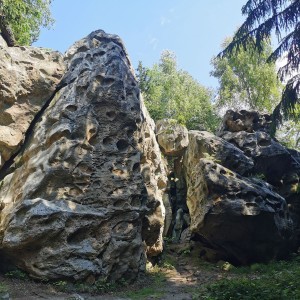 Liščí výprava do Pulčínských skal (16.-18.6.2023)
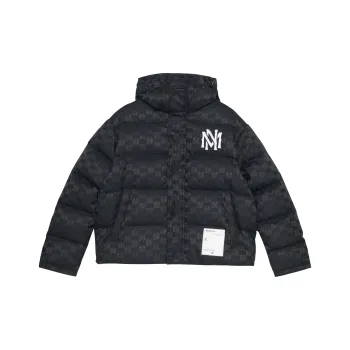 Mitchell Ness Down Jackets Unisex Black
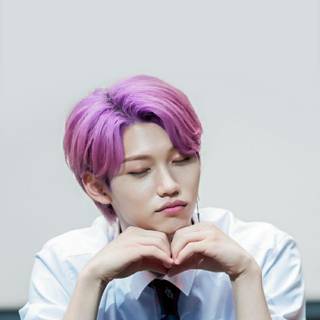 Felix purple wallpaper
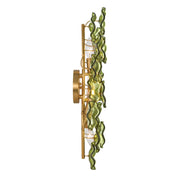 Esme 4 Light 23" Sconce in Aged Brass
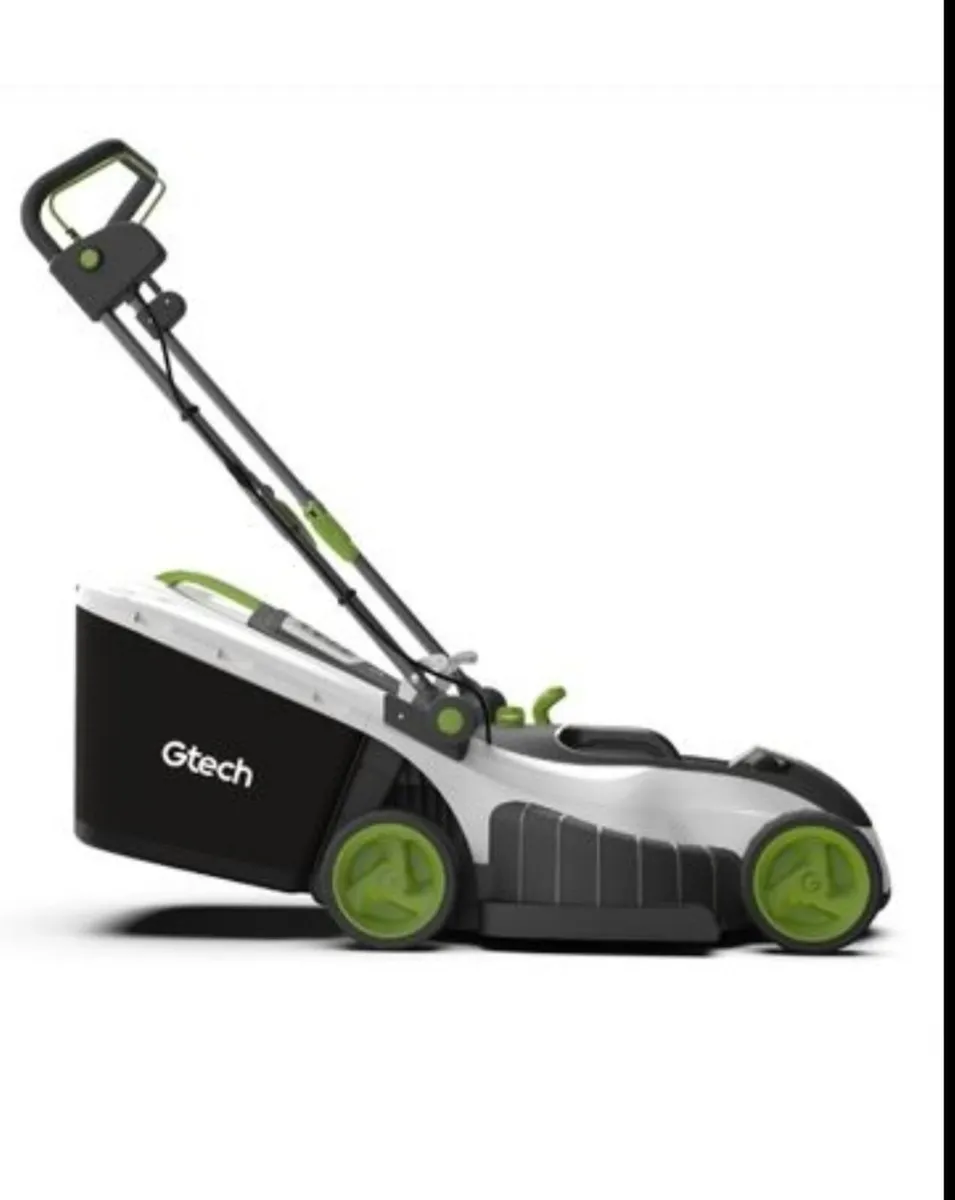 Electric Lawnmower with rechargeable battery - Image 2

WHAT NEEDS TO BE DONE
Could you give again precisely the lines from the one containing "Mitchell Ness Down Jackets Unisex Black" through the final line of the material above, both included, and no others, dropping the pictures?

RESULT
 Mitchell Ness Down Jackets Unisex Black
 Felix purple wallpaper
 Esme 4 Light 23" Sconce in Aged Brass
 Electric Lawnmower with rechargeable battery - Image 2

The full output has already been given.